Figure 2. The AuthorSynth Web Interface. The user can enter AuthorSynth to explore the data through a behaviorally-based brain lattice (“Brain Lattice,” top left), or through a collaboration network (“Collaboration Network,” bottom left). Investigation of a single author (“Single Author View”) from the network or as a high match in the brain lattice provides a single author brain lattice (“Author Brain Lattice”), a ranked list of authors with similar brain maps (“Collaborator Matches”), activation coordinates provided by the NeuroSynth database used to derive the brain maps (“Activation Coordinates”), alongside the papers from which they were derived (“Publications”). Red circles in the list indicate actual collaborations, and “hot” spots in the brain lattice indicate published work similar to those behavioral terms in the map. This visualization is intended to provide a high level view—for a detailed review please visit.6
Mapping Author Brainmaps to Psychologically-Relevant Brainmaps
We generated behavioral brain term maps for a set of 525 psychologically-relevant terms included in the base NeuroSynth data repository (version 0.x) (Yarkoni et al., 2011). We used the SOM to map these 3D images onto a 2D space, as described in methods Section Mapping Author Brain Maps to Psychologically-Relevant Brain Maps. The finished brain lattice, colored to show similar portions of the map, is shown in the top left panel of Figure 2. Finally, we mapped each author brain map to this space, and projected match scores onto a color gradient to define a unique mapping for each author, with “hot” colors corresponding to higher match scores, and cooler colors to lower match scores. A detailed brain lattice defined for researcher Ahmad Hariri is included in Figure 3.

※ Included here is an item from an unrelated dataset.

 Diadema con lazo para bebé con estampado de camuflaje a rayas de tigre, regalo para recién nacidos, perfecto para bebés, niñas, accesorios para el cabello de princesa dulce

Figure 3. Example of Brain Lattice. An example “brain lattice” for researcher Ahmad R Hariri, Director of the Laboratory of NeuroGenetics at Duke University. Professor Hariri studies neural circuits supporting threat and reward processing, and so his map reflects this work with “hot” spots around terms related to depression, anxiety, emotional reactivity, and decision making.
Identifying Similar Authors in the Brain Lattice
We generated pairwise similarity scores between author brain lattice match scores to generate a ranked list of similar authors for each single author. An example list is shown in the “Single Author View” in Figure 2. We clustered these same brain lattice match scores to identify groups of similar authors, varying the threshold to define a wide range of groupings (Section Identifying Similar Authors in the Brain Lattice). These groupings were then used to color the collaboration network.
Generation of Collaboration Network
The resulting network has 3,383 nodes, and 3,129 links. The purpose of this network is to visually show authors that are actually working together, indicated by having a link between them, vs. those with similar published work, indicated by having an equivalent color. This interactive network is available as an online resource,7 and also shown as a static image in Figure 2.
The AuthorSynth Web Portal
A summary of the AuthorSynth interface is described in Figure 2. The web portal presents the user with two methods of entry to explore the data: a dynamic collaboration network, and an interactive brain lattice. From the interactive brain lattice, the user can click a behavioral term to return a list of authors that are most highly matched to the node, meaning that the brain map that represents the author’s published work is similar to the NeuroSynth brain map for that term. From the collaboration network the user can search for and go directly to a “Single Author View” page, which includes an “Author Brain Lattice” (Section The Single Author Brain Lattice), a list of similar authors (Section Similar Authors Based on Published Activation Coordinates), and publications alongside activation coordinates that were used in the analysis (Section Publications and Activation Coordinates). The collaboration network has links between PI nodes that represent actual collaborations, and coloring that reflects similarity of published activation reports.
The Single Author Brain Lattice
The single author brain lattice is equivalent in structure to the portal brain lattice, however instead of being colored to indicate similar portions of the map, it is colored by matching scores of the author brain map to each node. An area of the map that is “hot” is indicative that the author’s published work is highly similar to the node in the SOM, and inspection of the behavioral-terms around this node provides a behavioral interpretation of the author’s work. This single author brain lattice can also be interactively clicked to return authors highly matched to the node of interest.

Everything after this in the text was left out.